Spesso, però, si sottolinea che c’è un calo costante di vocazioni e di presenza femminile…
«Riguardo al numero dobbiamo dire che è evidente la costate diminuzione delle religiose. Ciò naturalmente ci preoccupa, ma direi che la preoccupazione principale non è questa, bensì quella relativa alla qualità della nostra vita evangelica come consacrati. In questo senso l’anno della Vita consacrata ha aiutato tanto a riscoprire un nuovo spirito, un nuovo slancio e una nuova gioia, per continuare ad andare avanti con la nostra missione. Io personalmente credo che la vita consacrata abbia fatto un grossissimo sforzo di rinnovamento a partire dal Vaticano II seguendo sempre le indicazioni della Chiesa. Penso che la vita consacrata goda di buona salute anche se alcuni profeti di sventura dicono che è in declino. Certamente il numero diminuisce, e dipende da fattori molto complessi – il calo della natalità, i valori della società e tanti altri elementi – che portano a questo. Ma la salute è buona e questo non impedisce che ci si chieda come rispondere meglio a Cristo, alla Chiesa, al mondo e al proprio carisma».
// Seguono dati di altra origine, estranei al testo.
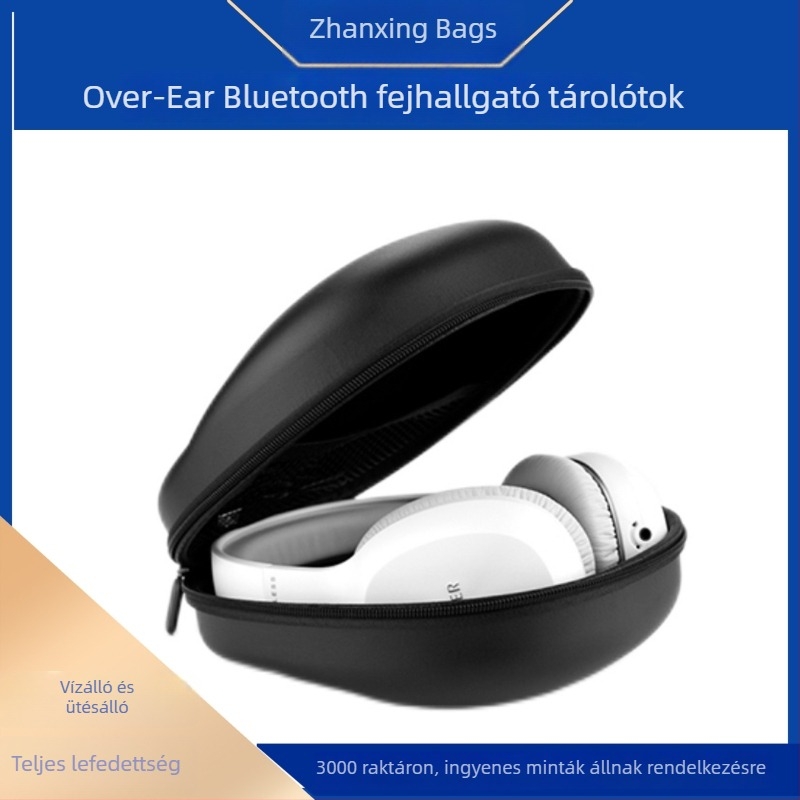 Over-ear fülhallgatókhoz EVA tároló tok, hordozható, ütésálló és vízálló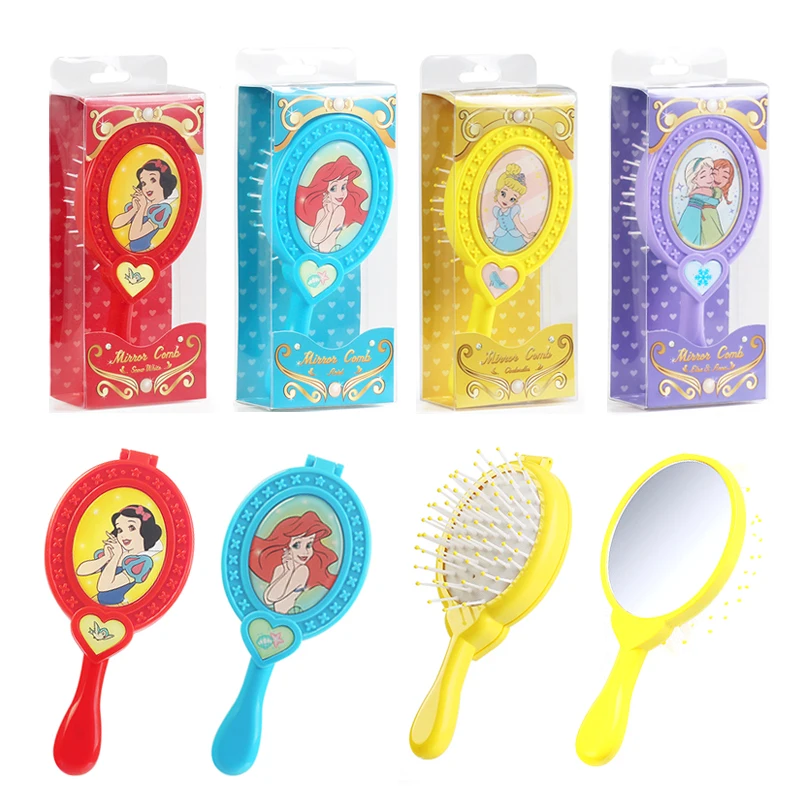 Disney Cartoon Princess Children's Comb Portable Folding Mirror Comb Plastic Comb Girl Airbag Hairdressing Massage Comb With Box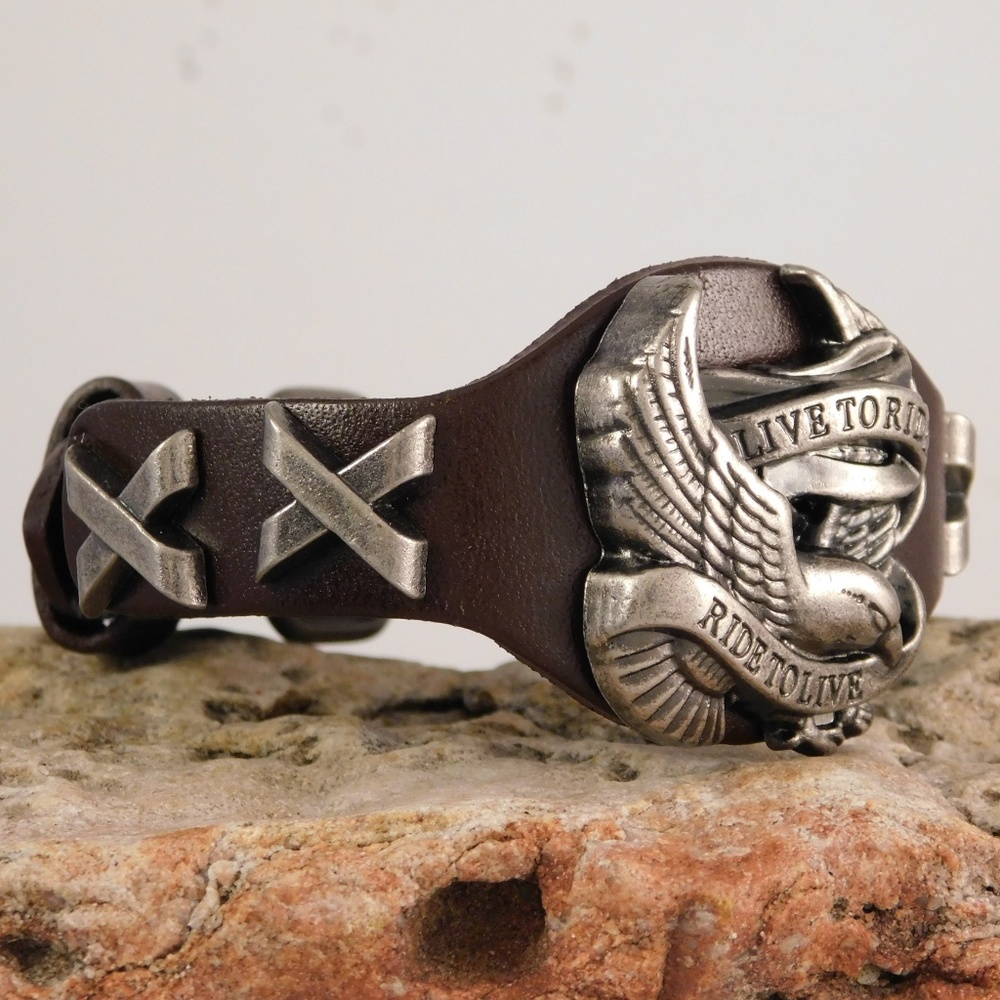 Leather HD bikers bracelet - Picture 4 of 4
Si discute spesso del ruolo e dei compiti delle donne nella Chiesa. Non c’è ancora un deficit da colmare in questo senso? Non sono poche le donne in posizioni di “governo’” anche in Vaticano?
«Ma io giudico dal mio dicastero dove c’è una sottosegretaria religiosa, quindi ha un ruolo importante. Ci sono tante religiose; certo bisogna andare avanti, questo è chiaro, bisogna pensare soprattutto che nella vita consacrata la componente femminile è molto più numerosa di quella maschile, quindi dobbiamo continuare: questo il Papa ce lo ricorda costantemente. Anche nella Chiesa dobbiamo dare più spazio alle donne, senza dubbio; il che non vuol dire che debbano fare le stesse cose che fanno gli uomini, perché molte volte l’uguaglianza si concepisce come uniformità. Io penso che l’uomo ha una responsabilità concreta e le donne devono avere la loro responsabilità come donne e non copiando gli uomini, perché forse questa non è la cosa più corretta».
In passato ci sono state tensioni fra gruppi di religiose e Vaticano, per esempio negli Stati Uniti o in America Latina; è possibile dire che oggi il clima è più sereno e vi sia una collaborazione maggiore?
«Sì, ma guardi, la visita apostolica che era cominciata anni fa presso le suore americane si è conclusa con un dialogo, una chiarezza, che prosegue con quegli istituti che presentano alcune difficoltà. Ma prima di tutto dobbiamo dire che non è la vita consacrata femminile, per esempio negli Stati Uniti, che ha difficoltà, no. Questa è un’affermazione così generale che alla fine non è vera. Allora, vediamo dove ci sono i problemi e lì tentiamo, dialogando, di venire incontro a questi problemi, di affrontarli. Oggi il clima è di dialogo, comprensione e comunione. E posso affermarlo a partire dalla mia esperienza».
Come dicastero state gestendo anche quei problemi che sono sorti nella vita consacrata in generale sul piano finanziario, della gestione dei beni?
«Stiamo lavorando con molta comunione sia con le congregazioni competenti che con la commissione pontificia per certe situazioni particolari, in campo sanitario. C’è una collaborazione molto forte. Per questo anche il dicastero sta per convocare il secondo simposio per gli economi generali che si terrà il prossimo novembre».